Return every entry exactly. Leave nothing out.

*** Opening of DATASET ENTRIES ***

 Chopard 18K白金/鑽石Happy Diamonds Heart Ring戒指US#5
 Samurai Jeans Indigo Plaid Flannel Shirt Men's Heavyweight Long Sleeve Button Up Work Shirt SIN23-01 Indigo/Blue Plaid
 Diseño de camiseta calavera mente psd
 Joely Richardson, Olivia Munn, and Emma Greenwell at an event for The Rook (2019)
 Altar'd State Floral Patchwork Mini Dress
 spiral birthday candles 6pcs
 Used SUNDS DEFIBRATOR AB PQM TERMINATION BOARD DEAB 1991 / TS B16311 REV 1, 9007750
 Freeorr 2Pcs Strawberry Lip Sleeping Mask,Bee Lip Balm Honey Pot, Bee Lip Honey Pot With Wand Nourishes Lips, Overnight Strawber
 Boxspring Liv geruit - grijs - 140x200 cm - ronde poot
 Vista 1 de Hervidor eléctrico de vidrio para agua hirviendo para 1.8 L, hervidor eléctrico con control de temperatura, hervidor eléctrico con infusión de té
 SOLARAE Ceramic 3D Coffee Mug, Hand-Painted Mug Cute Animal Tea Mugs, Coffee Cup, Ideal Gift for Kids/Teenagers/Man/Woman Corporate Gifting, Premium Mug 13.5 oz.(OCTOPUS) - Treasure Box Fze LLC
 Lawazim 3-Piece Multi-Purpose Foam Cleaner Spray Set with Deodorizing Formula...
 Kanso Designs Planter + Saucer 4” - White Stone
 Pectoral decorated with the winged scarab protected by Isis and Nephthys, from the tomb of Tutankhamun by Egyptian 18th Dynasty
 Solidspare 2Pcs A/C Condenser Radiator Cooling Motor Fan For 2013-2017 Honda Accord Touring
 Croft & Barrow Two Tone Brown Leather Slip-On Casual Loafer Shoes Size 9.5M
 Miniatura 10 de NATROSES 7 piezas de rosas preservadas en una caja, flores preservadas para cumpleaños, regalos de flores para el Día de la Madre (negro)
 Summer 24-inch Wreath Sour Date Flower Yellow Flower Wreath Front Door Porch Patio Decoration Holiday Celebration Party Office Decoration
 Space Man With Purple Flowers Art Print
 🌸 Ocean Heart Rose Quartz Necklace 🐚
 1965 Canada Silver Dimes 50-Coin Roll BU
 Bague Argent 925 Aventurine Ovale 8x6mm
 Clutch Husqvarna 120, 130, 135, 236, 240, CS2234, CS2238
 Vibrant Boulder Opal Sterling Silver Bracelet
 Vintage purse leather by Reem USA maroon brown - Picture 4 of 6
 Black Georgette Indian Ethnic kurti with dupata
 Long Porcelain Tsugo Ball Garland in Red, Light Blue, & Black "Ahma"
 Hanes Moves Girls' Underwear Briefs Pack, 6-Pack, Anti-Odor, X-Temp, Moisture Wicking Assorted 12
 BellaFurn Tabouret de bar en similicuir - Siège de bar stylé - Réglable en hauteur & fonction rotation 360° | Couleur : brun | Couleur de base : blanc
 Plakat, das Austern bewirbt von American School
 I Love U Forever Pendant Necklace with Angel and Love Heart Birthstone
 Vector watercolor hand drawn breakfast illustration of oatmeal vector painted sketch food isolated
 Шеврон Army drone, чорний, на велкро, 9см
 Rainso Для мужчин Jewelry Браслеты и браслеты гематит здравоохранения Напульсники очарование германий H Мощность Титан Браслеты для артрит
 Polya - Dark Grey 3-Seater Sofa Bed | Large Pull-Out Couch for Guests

*** Close of DATASET ENTRIES ***

=== REPLY TO THE TASK ===
 Chopard 18K白金/鑽石Happy Diamonds Heart Ring戒指US#5
 Samurai Jeans Indigo Plaid Flannel Shirt Men's Heavyweight Long Sleeve Button Up Work Shirt SIN23-01 Indigo/Blue Plaid
 Diseño de camiseta calavera mente psd
 Joely Richardson, Olivia Munn, and Emma Greenwell at an event for The Rook (2019)
 Altar'd State Floral Patchwork Mini Dress
 spiral birthday candles 6pcs
 Used SUNDS DEFIBRATOR AB PQM TERMINATION BOARD DEAB 1991 / TS B16311 REV 1, 9007750
 Freeorr 2Pcs Strawberry Lip Sleeping Mask,Bee Lip Balm Honey Pot, Bee Lip Honey Pot With Wand Nourishes Lips, Overnight Strawber
 Boxspring Liv geruit - grijs - 140x200 cm - ronde poot
 Vista 1 de Hervidor eléctrico de vidrio para agua hirviendo para 1.8 L, hervidor eléctrico con control de temperatura, hervidor eléctrico con infusión de té
 SOLARAE Ceramic 3D Coffee Mug, Hand-Painted Mug Cute Animal Tea Mugs, Coffee Cup, Ideal Gift for Kids/Teenagers/Man/Woman Corporate Gifting, Premium Mug 13.5 oz.(OCTOPUS) - Treasure Box Fze LLC
 Lawazim 3-Piece Multi-Purpose Foam Cleaner Spray Set with Deodorizing Formula...
 Kanso Designs Planter + Saucer 4” - White Stone
 Pectoral decorated with the winged scarab protected by Isis and Nephthys, from the tomb of Tutankhamun by Egyptian 18th Dynasty
 Solidspare 2Pcs A/C Condenser Radiator Cooling Motor Fan For 2013-2017 Honda Accord Touring
 Croft & Barrow Two Tone Brown Leather Slip-On Casual Loafer Shoes Size 9.5M
 Miniatura 10 de NATROSES 7 piezas de rosas preservadas en una caja, flores preservadas para cumpleaños, regalos de flores para el Día de la Madre (negro)
 Summer 24-inch Wreath Sour Date Flower Yellow Flower Wreath Front Door Porch Patio Decoration Holiday Celebration Party Office Decoration
 Space Man With Purple Flowers Art Print
 🌸 Ocean Heart Rose Quartz Necklace 🐚
 1965 Canada Silver Dimes 50-Coin Roll BU
 Bague Argent 925 Aventurine Ovale 8x6mm
 Clutch Husqvarna 120, 130, 135, 236, 240, CS2234, CS2238
 Vibrant Boulder Opal Sterling Silver Bracelet
 Vintage purse leather by Reem USA maroon brown - Picture 4 of 6
 Black Georgette Indian Ethnic kurti with dupata
 Long Porcelain Tsugo Ball Garland in Red, Light Blue, & Black "Ahma"
 Hanes Moves Girls' Underwear Briefs Pack, 6-Pack, Anti-Odor, X-Temp, Moisture Wicking Assorted 12
 BellaFurn Tabouret de bar en similicuir - Siège de bar stylé - Réglable en hauteur & fonction rotation 360° | Couleur : brun | Couleur de base : blanc
 Plakat, das Austern bewirbt von American School
 I Love U Forever Pendant Necklace with Angel and Love Heart Birthstone
 Vector watercolor hand drawn breakfast illustration of oatmeal vector painted sketch food isolated
 Шеврон Army drone, чорний, на велкро, 9см
 Rainso Для мужчин Jewelry Браслеты и браслеты гематит здравоохранения Напульсники очарование германий H Мощность Титан Браслеты для артрит
 Polya - Dark Grey 3-Seater Sofa Bed | Large Pull-Out Couch for Guests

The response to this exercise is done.